Yes, there’s a scary side to AI, the fear it could result in out-of-control machines that grow to outsmart humans. Think of the robot HAL 9000 in 2001: Space Odyssey, The Terminator movies or the end of the human workforce, leading to wide-scale unemployment. Ultimately AI’s impact as a positive force in society depends on the extent to which developers and lawmakers can find ways to limit its vulnerabilities. To support its use for good, a group of prominent tech titans including Peter Thiel, co-founder of PayPal, and Elon Musk, SpaceX founder, committed $1 billion to Open AI, a nonprofit company aimed at ensuring responsible AI development.

Consider examples of AI technology that have already proved valuable, contributing to current and future daily tasks:

  • empowering autonomous vehicles (drones, self-driving cars)
  • proving mathematical theorems
  • playing games (such as Chess, Go)
  • facilitating search engine results (Google, etc.)
  • providing spam filtering
  • detecting, evaluating and patching software vulnerabilities
  • predicting flight delays
  • predicting judicial decisions
  • targeting online ads
  • increasing traffic to websites, anticipating purchases and supporting sales

AI technology is particularly relevant to the Defense Department and national security. Former Defense Secretary Mark Esper identified AI as an essential technology that the U.S. must master to stay competitive on the world stage, noting its potential to transform every aspect of the battlefield from the back office to the front lines. At the Virtual Joint Artificial Intelligence Center Symposium (Sept. 9, 2020), Mr. Esper said that the country first to field AI will have enormous advantages over its competitors. He voiced his concern over China and Russia using AI in a bellicose way, referencing China’s use of artificial intelligence and technologies to repress Muslim minorities, journalists and pro-democracy protestors. In the U.S., the DoD continues to evaluate and develop AI technologies, looking to leverage them in ways that protect our citizens, troops and homeland security.[1]

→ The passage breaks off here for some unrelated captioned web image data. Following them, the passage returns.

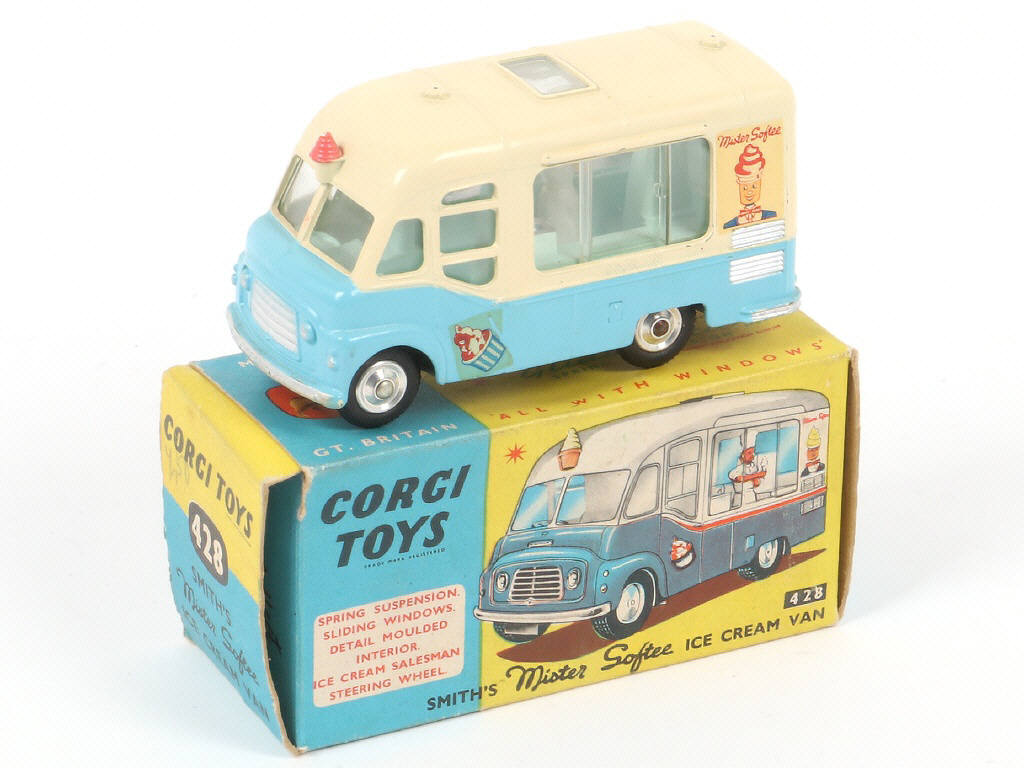 Lot 128 - CORGI TOYS (GB) (1)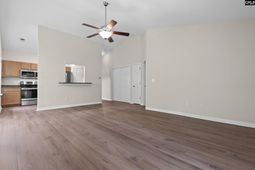 137 Springhaven Drive  photo 4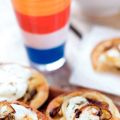 Minipizza met kaas en ui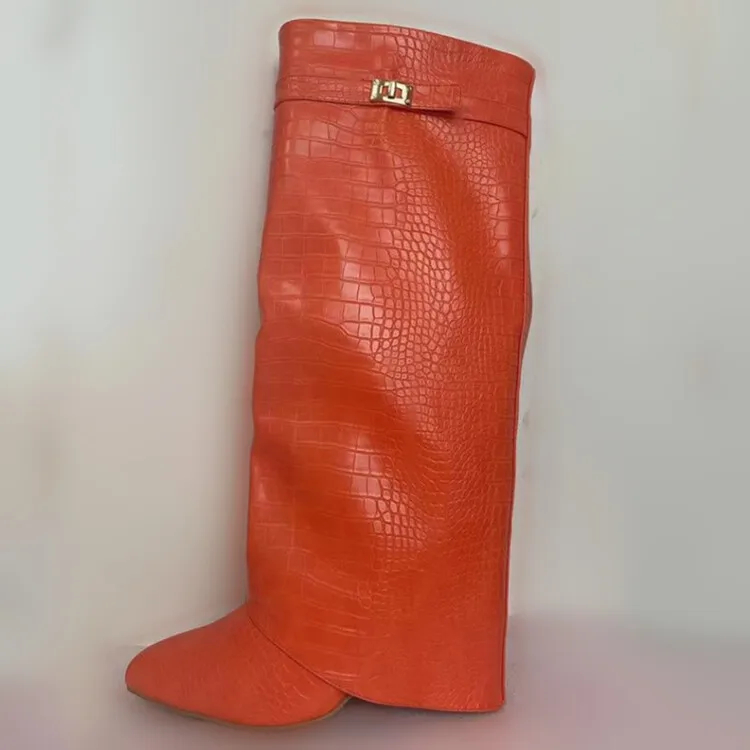 Nuovi pantaloni da donna con tacco super alto e testa tonda con gambe divise e stivali design stivali con bottoni in metallo a forma di bambù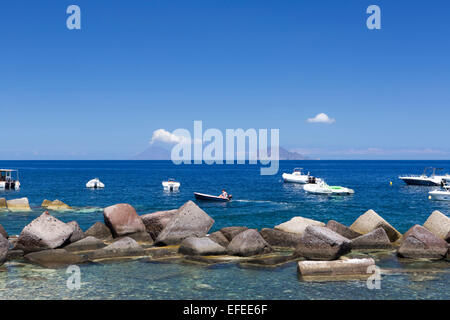 Blick auf Stromboli und Panarea von Salina, Sizilien Stockfoto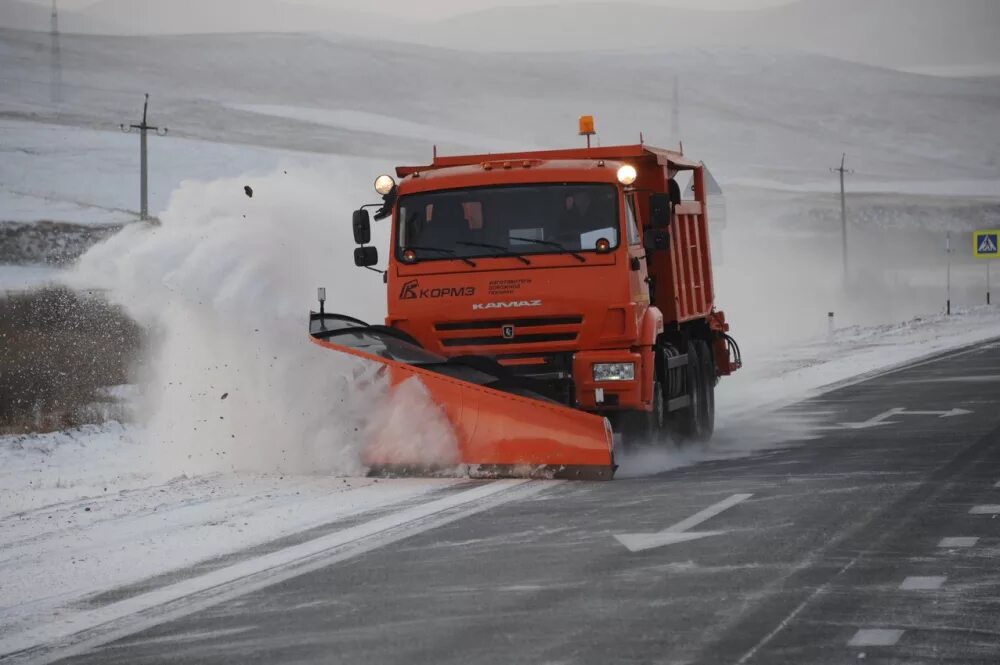 Дорога очищена от снега. КДМ уборка снега. Очистка автомобильных дорог от снега. КДМ зимой. Дорожные очистители снега.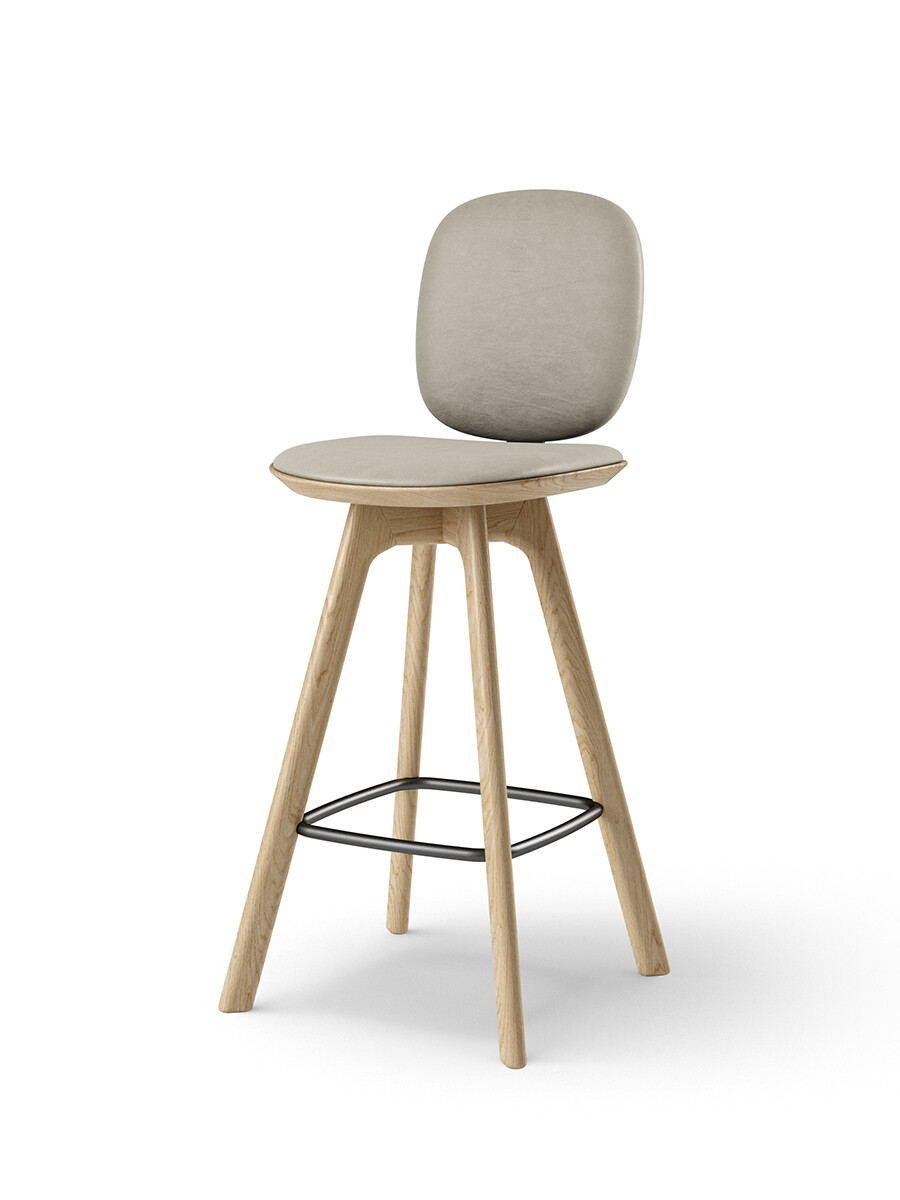 Pauline Comfort Counter Stool m. Træben, olieret eg fra Brdr. Krüger (Spectrum, oyster leather)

The good news for those who fear artificial intelligence is that computers won’t be surpassing their human creators anytime soon due to the challenges of data preparation. In Ron Schmelzer’s article The Achilles’ Heel of AI, he reminded us of the classic adage, “Garbage In, Garbage Out:” If the models are bad, wrong or rife with error, then your results are trash. Machine learning algorithms require clean, accurate, well-labeled data to produce correct results, and data preparation work is surprisingly human intensive. Computers do not have creativity and they cannot think or feel.

According to a recent report from Cognilytica, an AI advisory firm, data preparation and engineering tasks account for 80% of the time consumed in most AI/machine learning projects. It is so hard for computers to make sense of unstructured data that it is estimated the market for AI and machine learning data preparation solutions will grow to $1.2 billion by the end of 2023. One tool that is helping AI to be more efficient is natural language processing (NLP), which can scrape unstructured data and make it useable. What that suggests is that by combining AI with NLP, you have more data and cleaner data. That still requires unique formulas and programs, and NLP is in its infancy.

While the DoD, private industry and the international community should seek to put policies in place to ensure AI is used responsibly, the technology depends on humans to exist. It is true that AI becomes more prominent every day, but the full reality is many limitations remain. It still requires substantial assistance, coding, and direction from humans, only as effective as the data it receives and significant human input. Both industry and government should be working together to use AI/ML/NLP to identify threats and increase security as well as workplace efficiency and data/information management on an enterprise level. We should fear the bad actors and enemies at our gates and firewalls, and recognize AI is not the threat but a tool with great potential.

Moe Jafari is CEO of Executive 1 Holding Company.